Outrage in Canada over high profile cases of sexual violence, misogynyCanadians called for tougher workplace laws and better education to combat sexual violence following a series of allegations against high profile public figures in the counrty. The incidents have sparked a national debate about how employers should respond to complaints against their staff, despite their high-profile status. CCTV America's Kristiaan Yeo had the report from Toronto.
A Canadian self-image of fairness and progressiveness was shattered when allegations of violence, sexual abuse and misogyny against high-profile Canadians exposed an unseemly, underlying social problem.
It began with the very public downfall of broadcaster Jian Ghomeshi, who until recently was the golden boy of Canadian radio. His employer, the Canadian Broadcasting Corporation, cut all ties with the star after witnessing what they call “graphic evidence” of a dark, violent side.
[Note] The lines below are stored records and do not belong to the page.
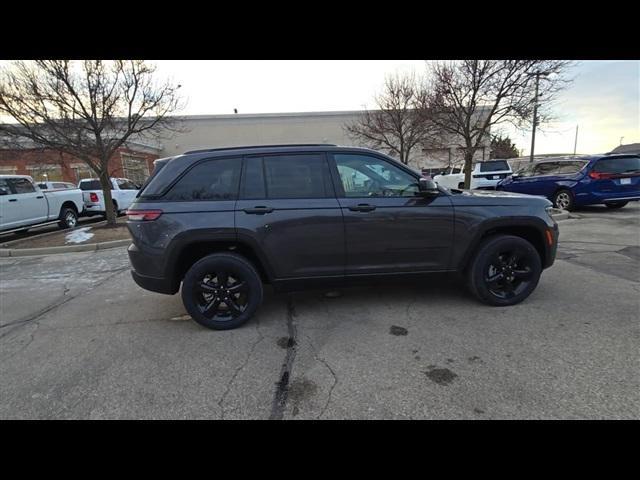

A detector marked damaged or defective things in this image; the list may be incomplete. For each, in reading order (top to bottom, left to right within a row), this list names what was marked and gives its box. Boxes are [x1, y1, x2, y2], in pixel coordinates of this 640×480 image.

cracked pavement [0, 202, 636, 416]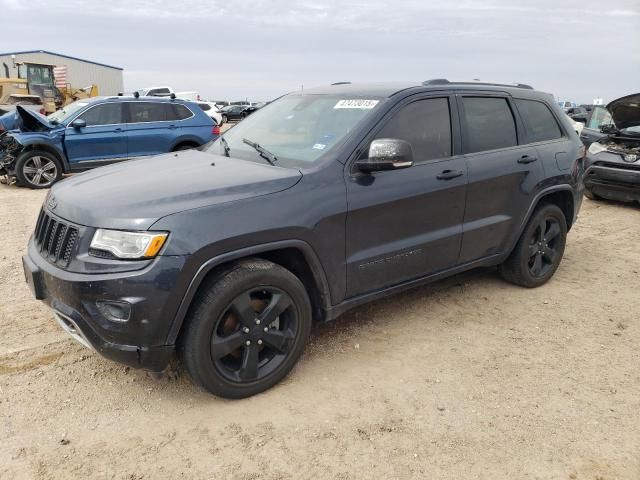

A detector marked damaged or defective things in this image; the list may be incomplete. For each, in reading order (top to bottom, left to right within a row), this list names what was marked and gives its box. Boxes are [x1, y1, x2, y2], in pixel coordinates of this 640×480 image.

damaged blue suv [0, 95, 218, 188]
damaged blue suv [22, 81, 584, 398]
damaged black suv [23, 81, 584, 398]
“They had video evidence that he provided them of his sexual encounters with women that were so violent that they said, we can’t have this attached to our leading brand,” said employment lawyer Howard Levitt.
Nine women and one man have come forward claiming they were choked, hit, or sexually harassed by Ghomeshi. Three have now lodged formal complaints with police, but he’s yet to face criminal charges. He denies any non-consensual activity.
Meanwhile, the Liberal Party of Canada has suspended two members of parliament for alleged personal misconduct against fellow MPs. A former cabinet minister has also come forward with her own graphic story of sexual assault within the corridors of power.
“More and more people are coming forward, not merely at the CBC, but in my practice, on both sides of my practice: the employers side and employee side,” said Levitt. “They’re suddenly realizing that they are supported when they do come out in this country.”
There are signs of a growing intolerance to sexual harassment across the globe. Hidden camera footage showed the catcalls and advances leveled at a woman in New York and exposed the prevalence of domineering attitudes toward women. The video went viral, enraging not just women but men as well.
“I think it’s imperative for men to stand up and say, ‘We don’t want this for our daughters sisters, girlfriends, wives, mothers. We want this world to be safe for everyone,'” said journalist and human rights advocate Sima Sahar Zerehi.
Some have said better education and support for victims is the first step. Provinces like Quebec and Ontario have faced pressure to increase sex education in schools. Others have pointed the finger at employers for failing to boldly, publicly and permanently take on the issue.
“The fact that some of these ideas are making headlines means that we’re actually going to transition to doing more than just giving lip service to talking around sexism and rape culture and violence against women,” said Zerehi. “We’re going to start looking at real policies, real education, we’re going to start looking into real policies, real education campaigns, real institutional changes are that are going to create a difference.”